- Derwent shelves plan to create 29 apartments on Savile Row
- `Challenging conditions' to continue, Capital & Counties says
Derwent London Plc has shelved plans to turn an office building on Savile Row in London’s Mayfair district into 29 luxury apartments after demand was damped when the government raised the sales tax on the most expensive properties.
Soaring prices for luxury homes encouraged developers to seek to turn office space into 16,600 new homes in greater London in the two years through May 2015. The higher sales tax has made it more difficult for developers to sell the costliest apartments and is causing investors like Derwent to reassess high-end home plans.

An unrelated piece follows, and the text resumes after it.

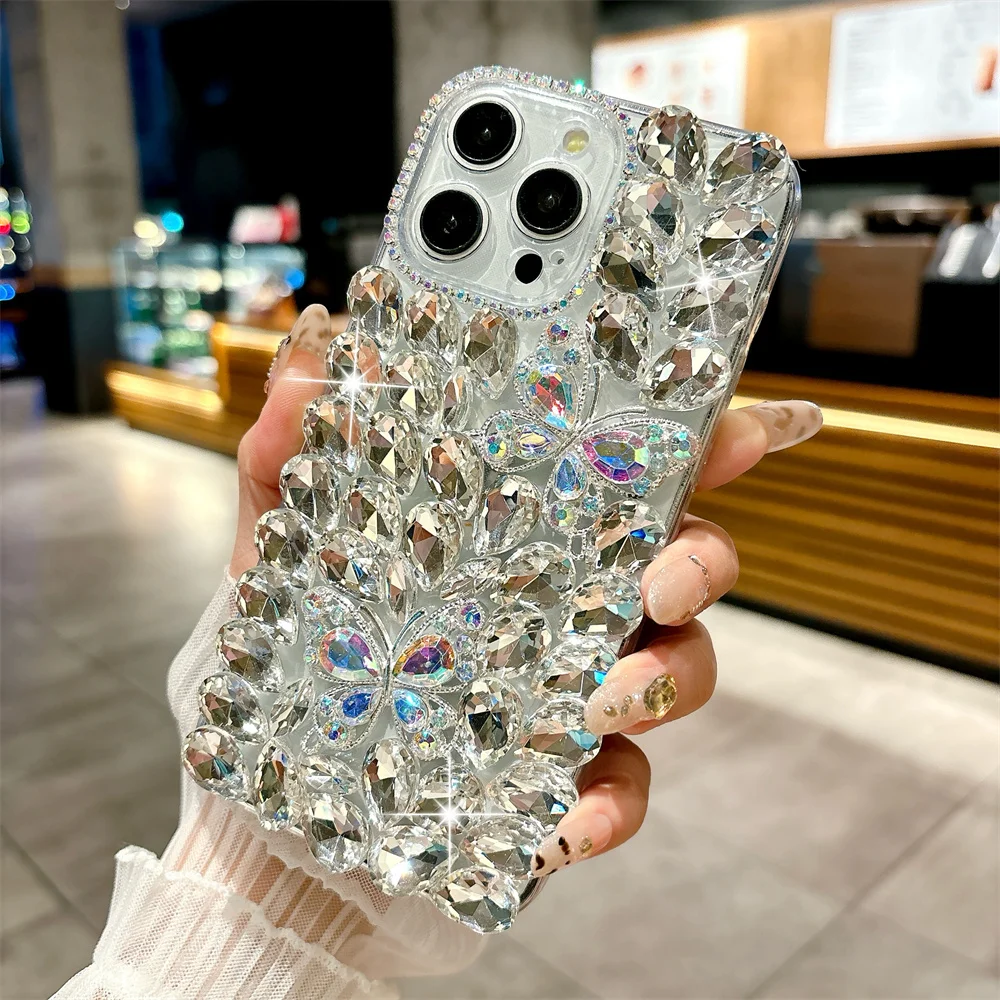 Sa83dda4fc3cb4ede8a7df6d7694a68cah.webp Luxury Glitter Rhinestone Butterfly Case for iPhone 17 Pro Max 16 15 14 13 12 11 Full Bling Diamond Cover Funda 15Pro 14Pro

“Savile Row is a story of stamp duty and construction costs,” Derwent Chief Executive Officer John Burns said by phone on Thursday. “We saw the new stamp-duty regime come in and construction costs rise and we decided to stay in the building and do a rolling refurbishment of the offices.” Derwent develops mid-priced office space in central London.
Demand for London homes under construction slumped by 19 percent in the fourth quarter ahead of a sales-tax increase for landlords and second-home buyers in April. The stamp-duty sales tax will climb to as much as 15 percent of the costliest homes for landlords and second-home owners, and add 90,000 pounds to the levy on a 3 million-pound apartment. The higher charge follows an increase for all buyers of luxury homes in 2014.
Sales in the second phase of Capital & Counties Properties Plc’s Lillie Square project in the Earls Court district, where a two-bedroom apartment can cost 1.7 million pounds ($2.4 million), haven’t risen since November, the company said on Wednesday.
“The challenging conditions seen in the residential market at the end of the year are expected to continue in 2016,” the developer’s CEO, Ian Hawksworth, said in a statement on Wednesday.
“We are concerned by the significantly slower sales rates at Earls Court,” James Carswell, an analyst at broker Peel Hunt with a reduce rating on the stock, said in a note to clients. “This is despite numerous advertisements offering to pay stamp duty on behalf of the buyer and, although prices have held up so far, we remain cautious.”
In south London’s Nine Elms, the district that includes Battersea Power Station, there is “a messy shoot-out between competing developers” for buyers in a neighborhood where 18,000 homes are planned, according to Mike Prew, an analyst at Jefferies Group LLC.
Tax increases hurt sales in the latest phase of the Battersea Power Station, according to Sime Darby Group, which owns 40 percent of the project. While 53 percent of homes in phase 3a have been sold, those priced above 1.5 million pounds remain on the market, the Malaysian company’s CEO, Mohd Bakke Salleh, said on Wednesday.
Buyers from Russian and China are purchasing fewer apartments in London, Bakke said.
Explore Housing Prices in London
Barratt Developments Plc sold homes at a project in Horseferry Road in the Pimlico district at a rate of two to three a week in 2014, CEO David Thomas said by phone on Wednesday. In a new project opposite that development, sales are running at less than one a week, he said.
“We are still seeing transactions at a higher price point, but it is definitely at a slower rate of sale,” Thomas said.
The number of homes under construction in London rose by more than a third during 2015 to a record 60,300, according to data compiled by researcher Molior London Ltd.